Poundworld has become the latest retail casualty on the British high street as it called cors on Monday, putting 5,100 jobs at risk.
The budget retailer has appointed Deloitte to handle an administration after last-ditch rescue talks with R Capital broke down over the weekend.
Speaking to ITV News, shoppers said they weren't surprised by the collapse as prices in store failed to reflect what was suggested in the name.
"It's not really a pound store is it? It's pound and more," said one customer.
Another said he it had been "moving away from being a pound shop."
With others sharing sympathy for the staff.
Poundworld, which is owned by TPG Capital, has 335 stores. Its collapse comes after both Toys R Us and Maplin fell into administration earlier this year.
Deloitte will try to find a buyer for the business, and has said there are no redundancies or store closures at this time.
Clare Boardman, joint administrator at Deloitte, said: “The retail trading environment in the UK remains extremely challenging and Poundworld has been seeking to address this through a restructure of its business. Unfortunately, this has not been possible.”

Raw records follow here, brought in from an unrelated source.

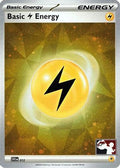 Basic Lightning Energy 012  - Holofoil Prize Pack Series Cards - Common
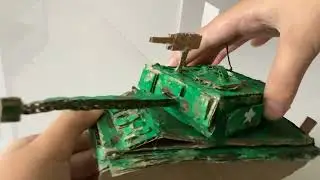 My first tank model I ever made! (rate it in the comments)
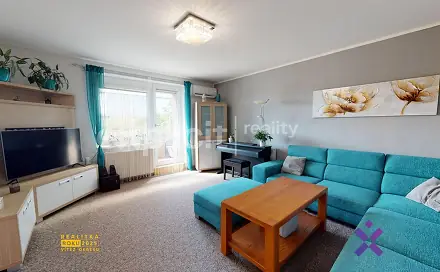 Pronájem bytu 3+1 77 m², Brodská, Nivnice, okres Uherské Hradiště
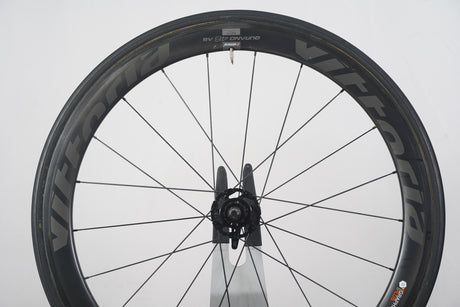 Vittoria Qurano 42/46 Carbon Tubular Rim Brake Wheelset Shimano/SRAM 11 Speed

She said the business was hit by falling footfall, alongside rising costs and weak consumer confidence.
A spokesman for TPG said putting the business into administration was a “difficult decision”.

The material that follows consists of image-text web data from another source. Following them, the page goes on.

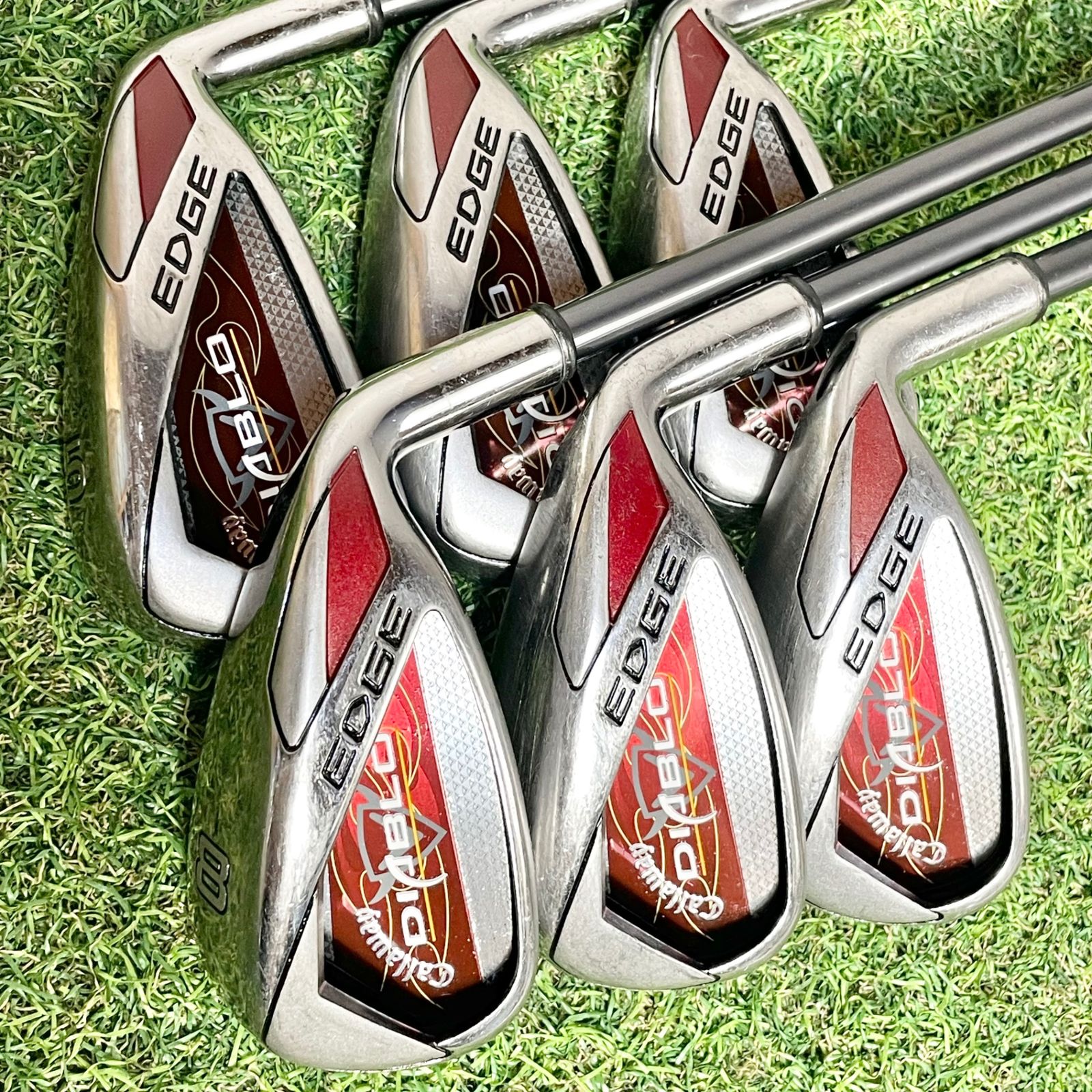 簡単 優しい キャロウェイ DIABLOディアブロ メンズ アイアン ゴルフ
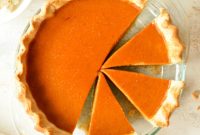 Creamy Pumpkin Pie Without Evaporated Milk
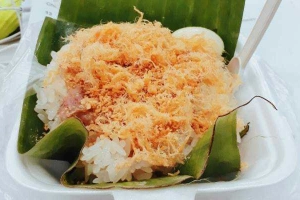 Ăn vặt Bà Chuyên - Xôi Mặn & Ngọt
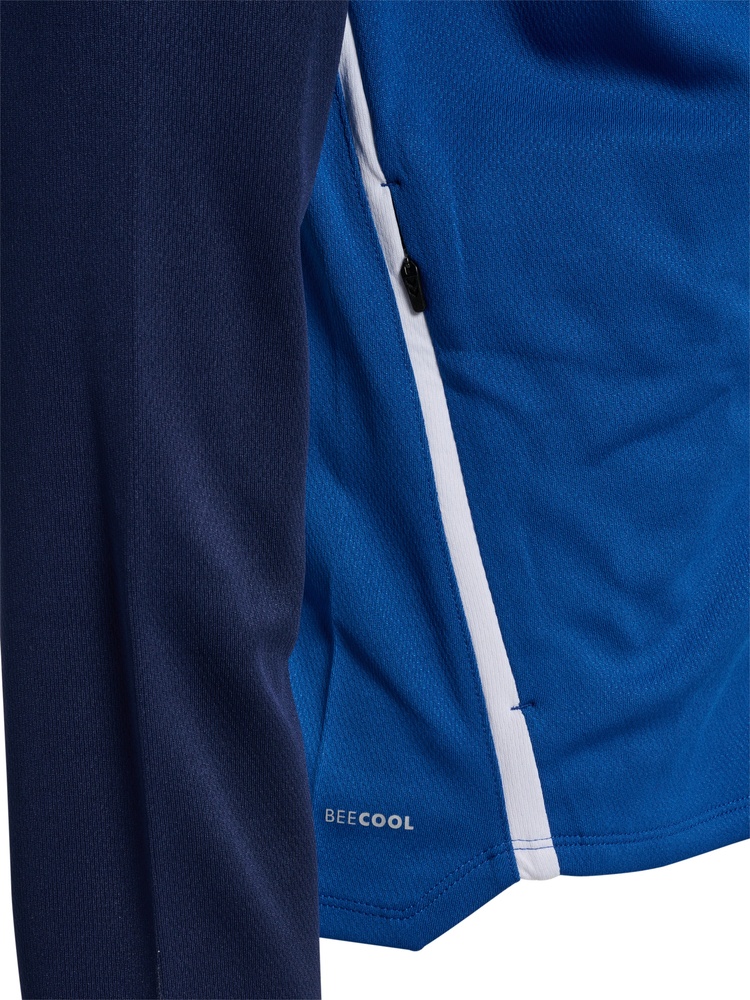 HummelLead20ZipHoodie223759TrueBlueMarine-XXL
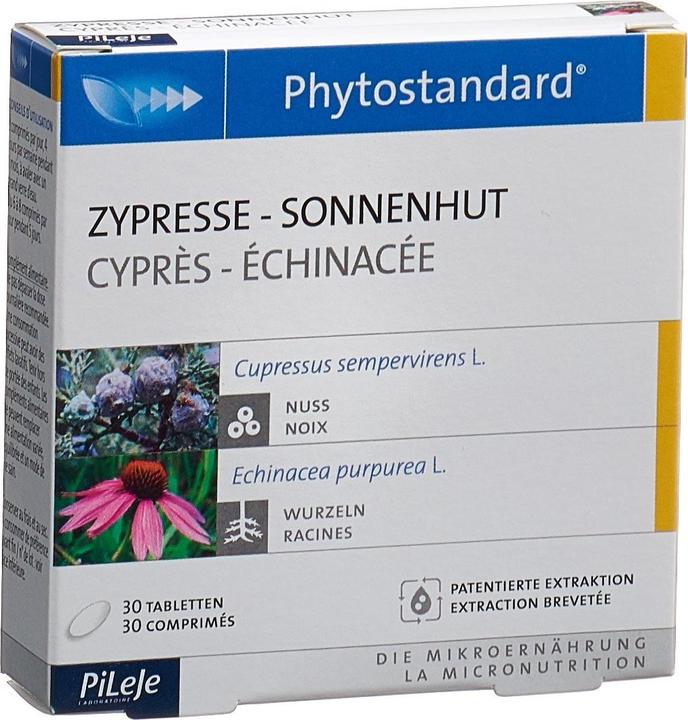 Actual product image Phytostandarts Pileje cypress and coneflower (30 Piece, Pills, 35 g)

“We invested in Poundworld because of our belief in how the company serves its customers and the strength of its employees,” he added.
“Despite investing resources to strengthen the business, the decline in UK retail and challenging behaviour affected Poundworld significantly.”

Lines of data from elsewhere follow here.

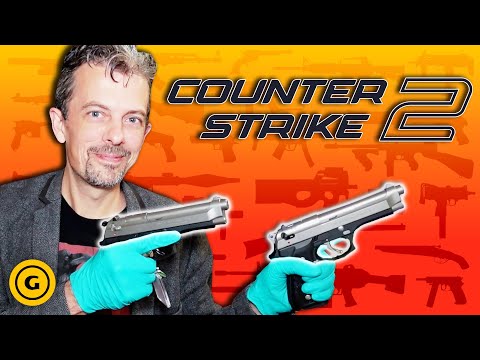 Firearms Expert Reacts To Counter-Strike 2’s Guns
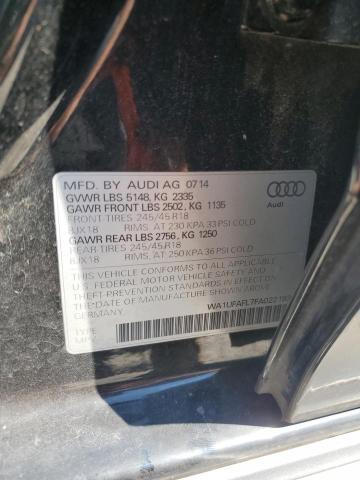 WA1UFAFL7FA022193 - 2015 AUDI A4 ALLROAD PREMIUM PLUS BLACK photo 13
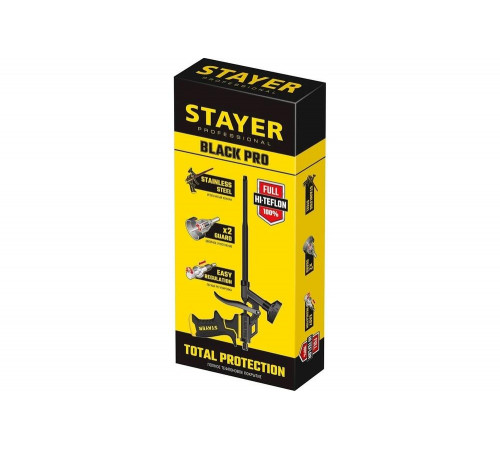 STAYER тефлоновое покрытие, пистолет для монтажной пены "ProTEFLON" 06862_z02 STAYER тефлоновое покрытие, пистолет для монтажной пены "ProTEFLON" 06862_z02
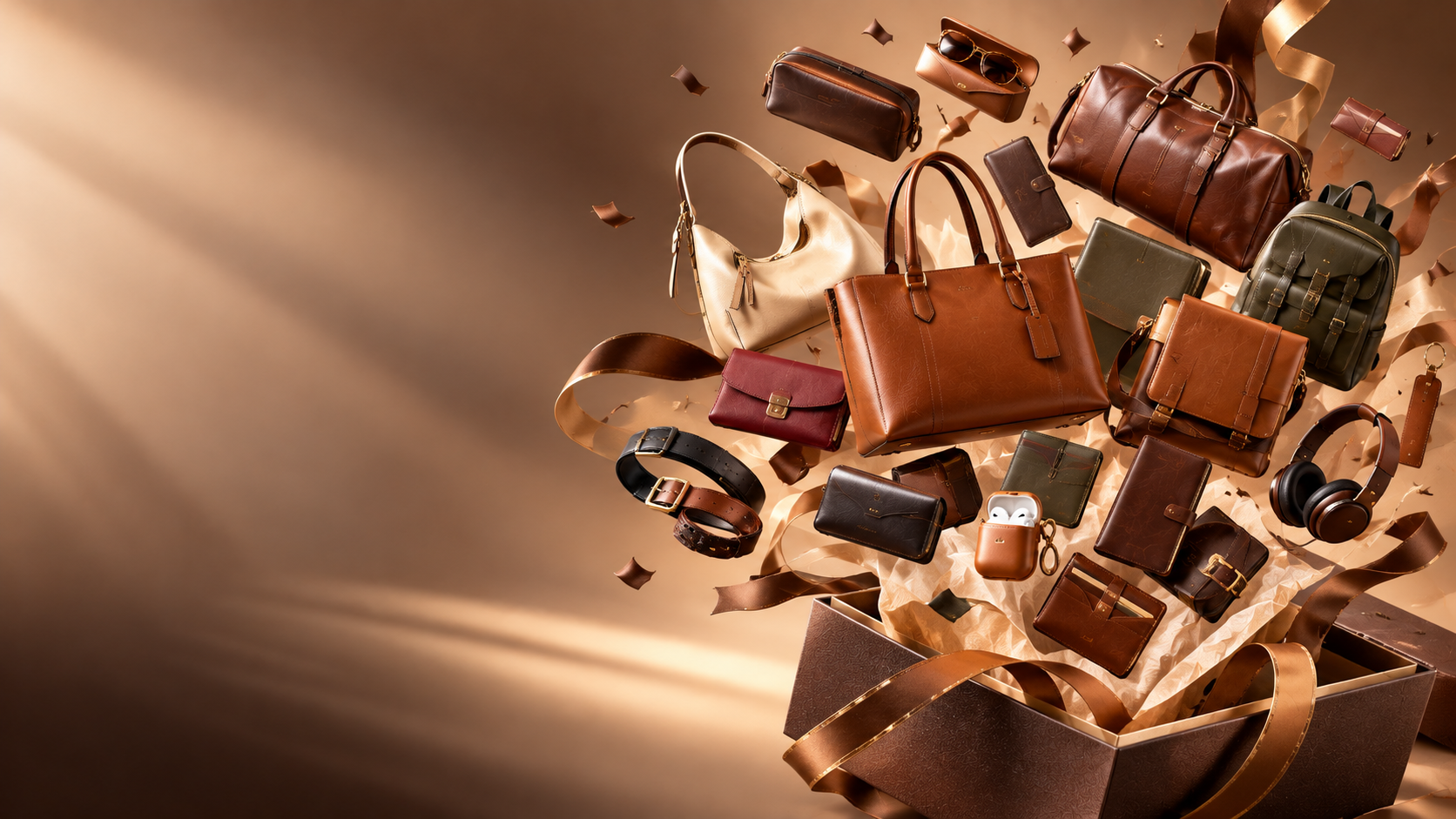 The Degree Luxury Leather Unboxing Atelier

It is understood that TPG and Poundworld’s management rejected offers to buy the business out of a pre-pack administration, and were hoping to sell it as a solvent business.
Other parties named as possible buyers were turnaround specialist Alteri Investors and Poundworld’s founder Chris Edwards.
But a deal could not be struck.
Poundworld’s losses widened in 2016-17 to £17.1 million, from £5.4 million of losses the year before.
The news came just days after House of Fraser detailed its plans to shut 31 stores, affecting around 6,000 jobs.
House of Fraser is seeking landlord approval for the restructuring plan, which is a form of insolvency known as a Company Voluntary Agreement (CVA).
A raft of CVAs have been struck in recent months as retailers struggle amid surging costs, rising business rates, competition from online rivals and a slowdown in consumer spending.
Other retailers undertaking CVAs in a bid to keep trading include New Look, Mothercare and Carpetright.
Restaurant businesses have also been seeking to cut their costs with store closure programmes, with Carluccio’s, Byron and Prezzo all pushing through CVAs this year.